170MB(default) to 256MB, and it works like a charm... May be this is another solution.

thanks for finding that.

@chrisohaver
do you have an idea why the memory cap causes a problem?
i think it's OK to keep the issue here in case you'd suggest us to bump the memory cap to 256mb in the kubeadm manifest.

neolit123 on 8 Aug 2018

do you have an idea why the memory cap causes a problem?

No - in fact, the CoreDNS manifests don't have a memory cap defined by default. So I don't know where the cap was introduced. Possibly in this cluster, kube-system has a default container memory limit?

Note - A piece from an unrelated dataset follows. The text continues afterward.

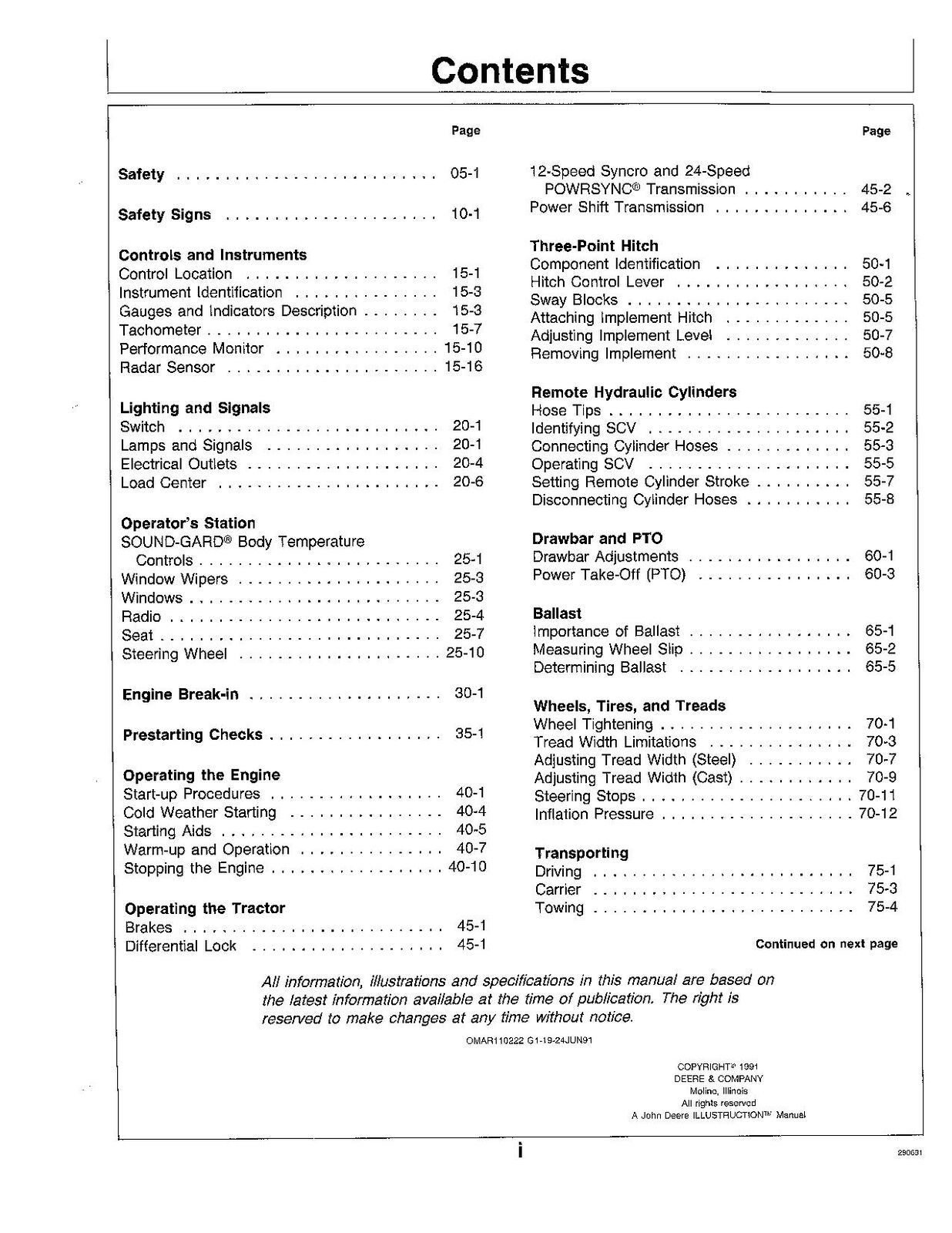 JOHN DEERE 8560 8760 8960 TRAKTOR-BETRIEBSHANDBUCH Nr. 3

Though I don't think thats a default setting either.

chrisohaver on 8 Aug 2018

@liheyuan thanks for noticing the low memory cap.

By any chance, did you add the initial 170 memory limit to the coredns deployment, or perhaps add a container memory limit to the kube-system namespace? Trying to understand how the limit was introduced in your case.

chrisohaver on 8 Aug 2018

@chrisohaver I'm not sure, the 170MB limit was found when I export coredns's yaml using kubectl

liheyuan on 12 Aug 2018

I'm also using kubeadm to launch a local kube cluster and am running into the same issue. I also have the 170Mi cap in the yaml for the coredns deployment. I can't seem to get it workingm unlike @liheyuan. After i kubeadm init I see nothing related to systemd-resolved @neolit123, am I doing anything wrong? I have the most recent version of kubeadm.